The loss of free electrons adversely affects the electron avalanche process in the electrical discharges resulting in a significant decrease in the discharge current and consequently in the energy density of the plasma. The same problem is also encountered in some other processes involving electronegative gases, e.g., halogenated hydrocarbons employed in semiconductor etching or in electrochemical lasers [16] or those involving atmospheric pressure water vapor where ready recombination of H3O+ species present in the water medium causes the electron loss [17].
Experimental
Power depositions for the discharges formed in three electrode assemblies shown in Fig. 1 are compared. The power dissipation in the shielded sliding discharge (Fig. 1c) using air or oxygen as working gas is compared with that of the surface discharge (Fig. 1b) and the pulsed corona discharge (Fig. 1a) [10, 18]. A Compact Pulsed Power Modulator MPC3000S-OP1 (Suematsu Electronics Co., Ltd., Japan) delivered high voltage of positive polarity (+HV) of ~160 ns duration (FWHM) and peak voltages of 5–30 kV at frequencies of 500 Hz. A Tektronix P6015A voltage probe, a Pearson Electronics Current Monitor, Model 110A and Tektronix TDS 3052 oscilloscope were used to measure the temporal development of voltage and current. The energy per pulse (Ep) is the time integral (∫VIdt where V and I are the discharge voltage and current, respectively) of the power.

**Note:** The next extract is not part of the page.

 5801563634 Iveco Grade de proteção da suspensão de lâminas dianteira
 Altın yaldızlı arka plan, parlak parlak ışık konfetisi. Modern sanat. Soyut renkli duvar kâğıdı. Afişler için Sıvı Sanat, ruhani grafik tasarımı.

The electrodes were made of aluminum foil (ALF200L from Intertape Polymer Groups, USA) of 50 µm thickness that was glued to a dielectric frame using an acrylic adhesive (Fig. 1a). The width of the electrodes (#1 and #2 in Fig. 1a) was kept at 6 mm, the inter-electrode gap was 16 mm, and the effective length of the center electrode was 89 mm. The electrode assembly of Fig. 1a forms pulsed corona discharges in the inter-electrode gap upon application of the HV pulses. The same electrodes were glued to a dielectric sheet made of soda glass with dimensions 2.4 mm × 76 mm × 152 mm as shown in Fig. 1b to generate a surface discharge [18]. The electrode configuration for the shielded sliding discharge is shown in Fig. 1c [10, 18]. It was formed by connecting an aluminum foil to the ground electrode #2 and by wrapping it around the opposite side of the dielectric, covering the entire inter-electrode gap area.
The spacer (#4 in Fig. 1b, c) was made of silicon measuring 4 mm × 76 mm × 152 mm, from which a 4 mm × 51 mm × 127 mm block (defining the inside dimensions of the reactor) was cut from the center. The gas inlet and outlet were nylon tubes of 2.0 mm ID and 2.3 mm OD extending through opposite corners of the spacer and sealed using silicon glue. Spacer #5 in the case of Fig. 1a was of the same dimension as the spacer #4 described above except that it was made of acrylic sealed with silicon glue. Its thickness was 15 mm instead of 4 mm. The thickness of the spacer was increased to avoid surface plasma formation in the case of the pulsed corona discharge as explained earlier [10].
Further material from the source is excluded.